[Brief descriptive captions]
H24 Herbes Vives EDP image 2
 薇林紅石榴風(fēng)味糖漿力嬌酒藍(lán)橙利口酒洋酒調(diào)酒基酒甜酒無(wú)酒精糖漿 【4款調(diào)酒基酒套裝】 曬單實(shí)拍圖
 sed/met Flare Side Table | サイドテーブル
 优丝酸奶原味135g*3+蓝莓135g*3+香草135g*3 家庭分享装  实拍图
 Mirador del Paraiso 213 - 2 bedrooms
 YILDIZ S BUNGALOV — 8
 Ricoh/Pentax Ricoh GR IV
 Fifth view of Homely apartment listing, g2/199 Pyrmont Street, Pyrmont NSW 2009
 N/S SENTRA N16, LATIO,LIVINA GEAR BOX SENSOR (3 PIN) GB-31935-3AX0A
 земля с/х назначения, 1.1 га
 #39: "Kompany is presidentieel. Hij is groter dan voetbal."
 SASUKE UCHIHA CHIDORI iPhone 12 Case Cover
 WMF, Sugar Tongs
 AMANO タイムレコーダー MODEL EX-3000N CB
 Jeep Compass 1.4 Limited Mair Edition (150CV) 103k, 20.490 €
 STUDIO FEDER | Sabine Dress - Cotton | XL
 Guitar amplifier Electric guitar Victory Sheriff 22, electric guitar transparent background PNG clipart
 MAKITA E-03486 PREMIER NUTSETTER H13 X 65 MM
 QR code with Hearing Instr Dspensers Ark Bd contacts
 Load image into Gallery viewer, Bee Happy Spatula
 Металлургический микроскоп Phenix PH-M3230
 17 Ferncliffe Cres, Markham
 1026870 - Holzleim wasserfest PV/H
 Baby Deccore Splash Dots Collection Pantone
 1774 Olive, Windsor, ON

TASK REQUIREMENTS:
After locating the line containing "Baby Deccore Splash Dots Collection Pantone", write out that line and all remaining lines of the records exactly, with nothing added.

RESPONSE FOR THIS EXERCISE:
 Baby Deccore Splash Dots Collection Pantone
 1774 Olive, Windsor, ON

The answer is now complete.